Posted on 07/01/2015 4:51:34 PM PDT by SunkenCiv
While the use of ochre by early humans dates to at least 250,000 years ago in Europe and Africa, this is the first time a paint containing ochre and milk has ever been found in association with early humans in South Africa, said Paola Villa, a curator at the University of Colorado Museum of Natural History and lead study author. The milk likely was obtained by killing lactating members of the bovid family such as buffalo, eland, kudu and impala, she said...
The powdered paint mixture was found on the edge of a small stone flake in a layer of Sibudu Cave, a rock shelter in northern KwaZulu-Natal, Africa, that was occupied by anatomically modern humans in the Middle Stone Age from roughly 77,000 years ago to about 38,000 years ago, said Villa.
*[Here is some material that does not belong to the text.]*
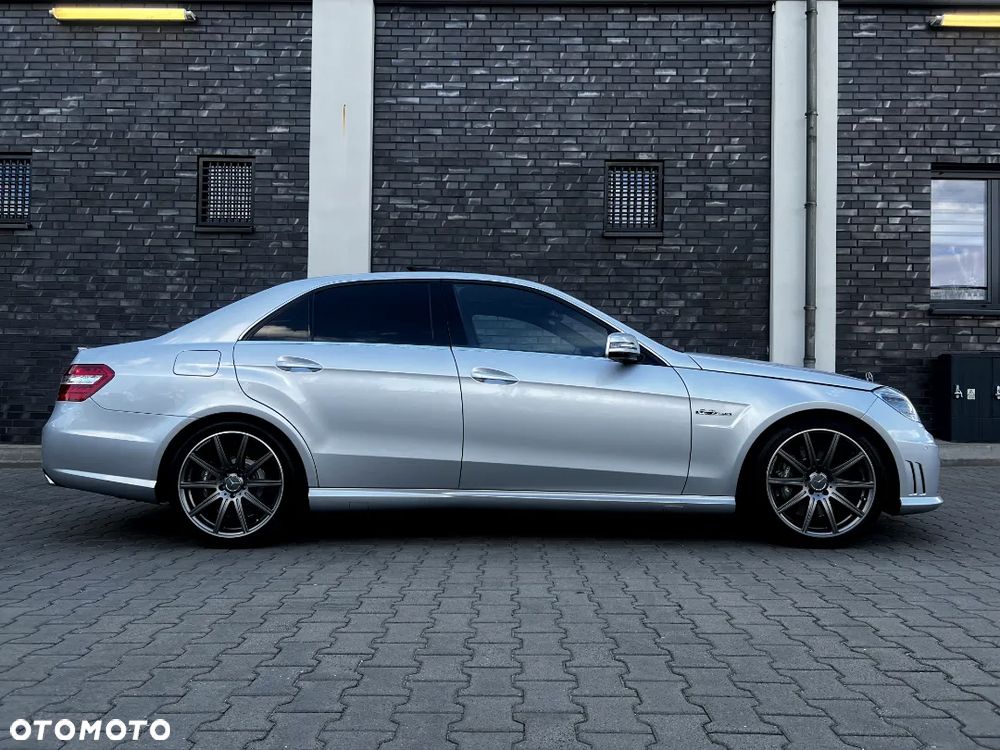 Mercedes-Benz Klasa E 63 AMG - 5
While ochre powder production and its use are documented in a number of Middle Stone Age South African sites, there has been no evidence of the use of milk as a chemical binding agent until this discovery, she said...
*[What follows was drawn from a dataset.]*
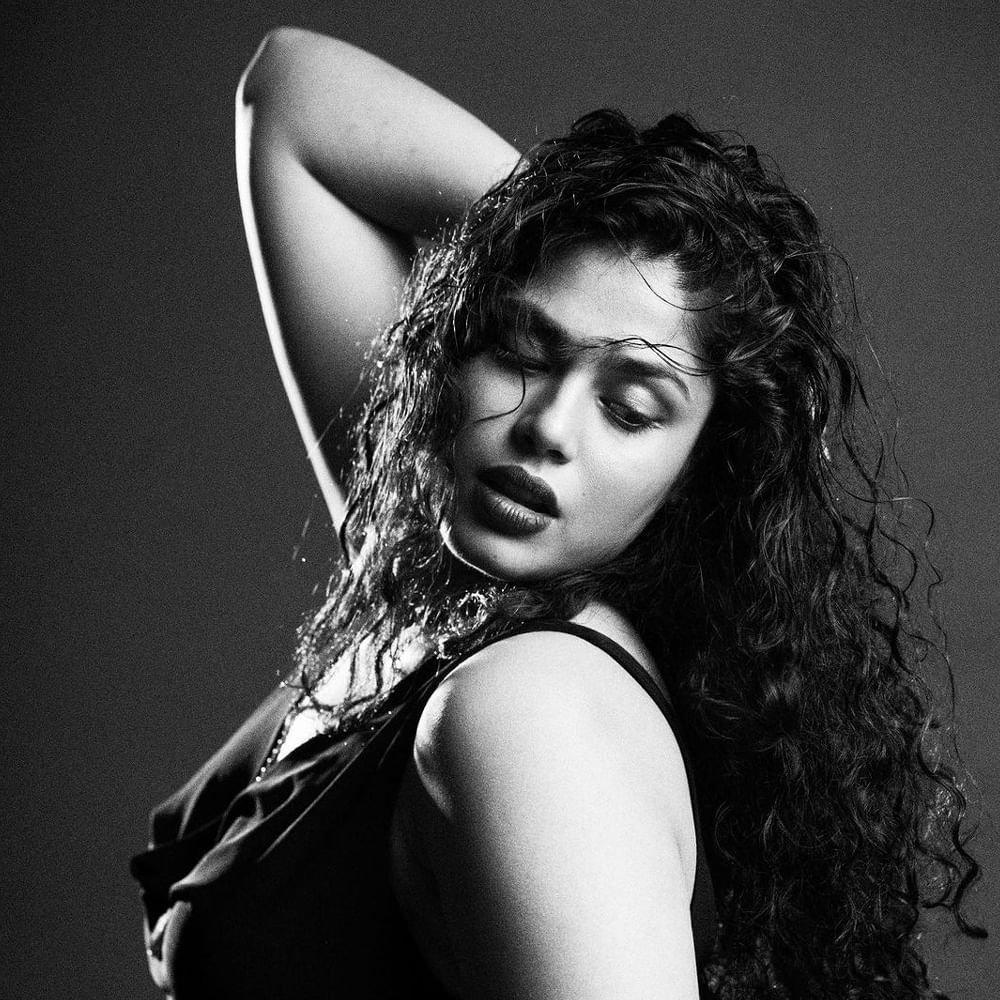 టాలీవుడ్ క్రేజీ హీరోయిన్స్ లో ఒకరైన జాతిరత్నాలు హీరోయిన్ ఫరియా అబ్దుల్లా.. ప్రెసెంట్ ఫుల్ ఫార్మ్ లో ఉంది. హైదరాబాదీ లోకల్ అయిన ఈ అమ్మడు ఈ ఒక్క సినిమాతో యూత్ ను ఎట్ట్రాక్ట్ చేసి ట్రేండింగ్ లోకి వచ్చేసింది. సోషల్ మీడియా లో సైతం ఈ వయ్యారి హాట్ ఫొటోస్ కు కుర్రకారు లో గట్టి ఫాలోయింగ్ ఉంది. ఇక తాజాగా ఈ అమ్మడు న్యూ ఫొటోస్ తో  ఉర్రుతలూగిస్తుంది.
Cattle were not domesticated in South Africa until 1,000 to 2,000 years ago, said Villa...
At both African and European archaeological sites, scientists have found evidence of ochre -- a natural pigment containing iron oxide than can range from yellow and orange to red and brown - dating back 250,000 years. By 125,000 years ago, there is evidence ochre was being ground up to produce a paint powder in South Africa.
(Excerpt) Read more at eurekalert.org ...
ANOTHER invention stolen by whitey.
So they were killing these mama-animals just for their milk?
Also, What was the environmental impact of mixing milk and ochre?
PETA and the EPA had better get on this.
Thanks for posting this article.
After reading the article, I must disagree with the ‘assumption’ made in the TITLE.
Did you have that problem as well ?
You don’t get milk from dead mammals. Unless they had domesticated mammals, maybe the milk was from lactating humans.
That’s about all they’ve come up with in the past 49,000 years. Not exactly the Romans, Greeks or Egyptians here.
Don’t forget necklacing...
“Necklacing is the practice of summary execution and torture carried out by forcing a rubber tire, filled with gasoline, around a victim’s chest and arms, and setting it on fire. The victim may take up to 20 minutes to die, suffering severe burns in the process.”
...The practice appears to have begun in the Cape area of South Africa in the mid-1980s.”
https://en.wikipedia.org/wiki/Necklacing
Africa has many, many wonderful inventions...
You do NOT want to see the images that come up on a Yahoo search for “necklacing”. Unreal, and sickening, to say the least.
I already have.
So, they found 49,000 year old graffiti?